Pearl and the Chetrit Group have been working on the project’s design since they assembled the land for roughly $100 million last year. Some of the properties they acquired included the Finnegan’s River restaurant and the Pleasure Emporium adult superstore.

The developers and their architect, Kobi Karp, also consulted with the Miami River Commission on the site’s design which calls for restaurants and shops to line the river walk that will be accessible to Brickell and East Little Havana residents. There will also be a public gathering place at an I-95 underpass.

“This is a very exciting project in a blighted area that could use some enthusiasm,” said Miami River Commission Chairman Horacio Stuart Aguirre. The commissioners also heard from a dozen residents and property owners who spoke in favor of the project.

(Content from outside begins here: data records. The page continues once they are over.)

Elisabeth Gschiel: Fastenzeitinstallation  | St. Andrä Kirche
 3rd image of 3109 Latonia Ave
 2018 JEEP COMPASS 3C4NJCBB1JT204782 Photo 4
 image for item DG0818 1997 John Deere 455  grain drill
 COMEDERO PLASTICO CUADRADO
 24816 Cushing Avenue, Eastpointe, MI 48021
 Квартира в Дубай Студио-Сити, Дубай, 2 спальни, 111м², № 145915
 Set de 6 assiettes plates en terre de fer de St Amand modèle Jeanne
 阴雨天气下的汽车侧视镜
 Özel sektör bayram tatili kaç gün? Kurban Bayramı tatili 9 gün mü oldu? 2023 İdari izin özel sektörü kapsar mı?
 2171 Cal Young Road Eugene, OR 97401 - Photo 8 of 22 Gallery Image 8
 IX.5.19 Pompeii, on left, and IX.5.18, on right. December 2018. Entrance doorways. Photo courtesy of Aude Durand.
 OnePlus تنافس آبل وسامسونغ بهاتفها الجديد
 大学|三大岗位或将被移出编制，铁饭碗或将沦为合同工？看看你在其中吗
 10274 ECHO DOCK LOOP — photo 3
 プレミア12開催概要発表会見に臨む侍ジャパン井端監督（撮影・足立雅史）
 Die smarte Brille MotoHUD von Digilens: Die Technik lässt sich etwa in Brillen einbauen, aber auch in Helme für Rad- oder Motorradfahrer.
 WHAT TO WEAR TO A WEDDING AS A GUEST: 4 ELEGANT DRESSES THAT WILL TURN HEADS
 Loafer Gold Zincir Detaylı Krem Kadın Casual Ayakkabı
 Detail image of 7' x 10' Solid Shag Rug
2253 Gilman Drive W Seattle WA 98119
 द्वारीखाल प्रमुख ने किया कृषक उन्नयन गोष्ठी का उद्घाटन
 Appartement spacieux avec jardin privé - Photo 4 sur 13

City Commissioner Frank Carrollo, whose district includes the site, gave the project a thumbs up after negotiating some more concessions from Pearl. Carrollo said the developers had agreed to contribute $14 million to the city’s workforce affordable housing fund and to set aside a space for the city to build a small paramedic station. The first $1 million is due when Pearl and Chetrit submit site plans for the towers, which they expect will be sometime in February 2016. Another $1 million is due once the first building permits are approved.

“This is a beautiful project,” Carrollo said. “I am glad to say I met with the developer and his team to address some issues.”